International Perspectives: A Chat with Investor Fazeela Abdul Rashid of Revolution

I’m so pleased to share my conversation here with Fazeela Abdul Rashid, a partner at the venture capital fund, Revolution. Originally from Singapore, Fazeela moved to the US to attend college. She has lived in the US, UK, and Singapore, so she brings a unique international perspective to both her investing career and her community advocacy work.

In chatting with Fazeela, I wanted to understand how her international background has shaped her perspective as an investor. Fazeela told me that she has always been “intrigued by the unfamiliar” and I believe this curiosity is what led her through her many years as a successful investor. A successful investor needs to recognize value in different people and ideas, even where others may not see it. I think Fazeela’s diverse life experience allows her to do exactly that.
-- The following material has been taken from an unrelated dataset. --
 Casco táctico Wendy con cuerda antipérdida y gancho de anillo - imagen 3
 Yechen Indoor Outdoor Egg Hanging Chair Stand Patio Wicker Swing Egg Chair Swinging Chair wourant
My mom is from Malaysia, so I’m always very excited to meet someone from Malaysia or Singapore. I also couldn’t pass up the opportunity to ask Fazeela about her favorite Singaporean street food (see the fun facts at the end)!

You were the first person in your family to come to the US. What was your motivation for coming to America for college?

Growing up in Singapore, I was placed on a narrow educational track by Grade 8 as part of the country’s streaming system. I knew I wanted to explore more topics beyond this structured education, so by my early teens, I was determined to study in the US. I also craved a truly international college experience where I could interact with people from all around the world. In my opinion, America has an incredibly broad-based educational system that allowed me to broaden my horizons.

I ended up attending Cornell and received my degree in Chemical Engineering with a minor in Economics. Up until my junior year when I declared my major, I was quite torn between the two disciplines because I was very interested in both. I appreciate how Cornell was a safe space that gave me the time to explore and build my curriculum around my interests. Another thing I appreciate about American universities is the opportunity to take elective courses. For example, I was able to take classes in Islamic history, Indian studies, astrology and even cooking!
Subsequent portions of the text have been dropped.